_GIVEN DATA_
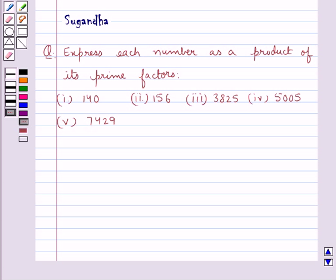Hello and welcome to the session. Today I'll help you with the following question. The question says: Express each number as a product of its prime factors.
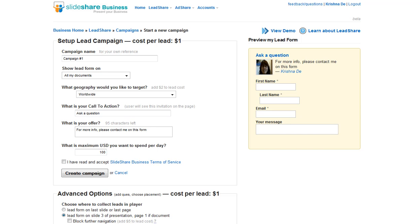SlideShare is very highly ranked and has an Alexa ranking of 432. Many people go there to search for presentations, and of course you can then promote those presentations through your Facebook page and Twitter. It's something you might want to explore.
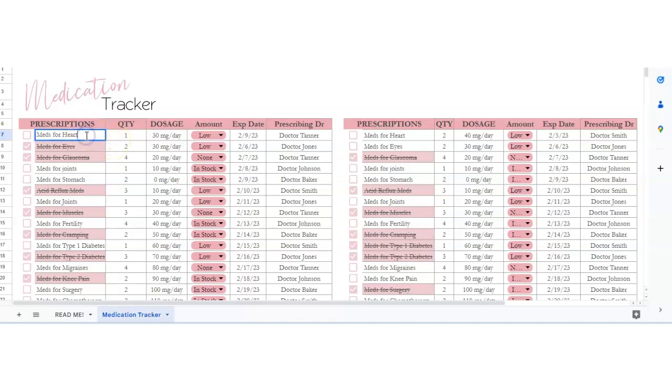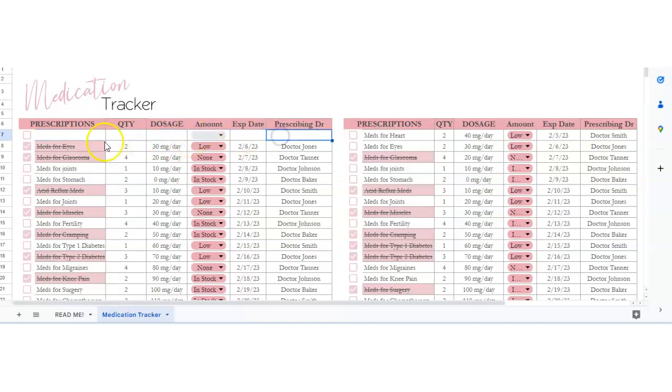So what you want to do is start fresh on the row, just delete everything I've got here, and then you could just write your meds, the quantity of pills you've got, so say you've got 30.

_YOUR ASSIGNMENT_
Write the listing above out again word for word, excluding all images.

_TASK ANSWER_
Hello and welcome to the session. Today I'll help you with the following question. The question says: Express each number as a product of its prime factors.
SlideShare is very highly ranked and has an Alexa ranking of 432. Many people go there to search for presentations, and of course you can then promote those presentations through your Facebook page and Twitter. It's something you might want to explore.
So what you want to do is start fresh on the row, just delete everything I've got here, and then you could just write your meds, the quantity of pills you've got, so say you've got 30.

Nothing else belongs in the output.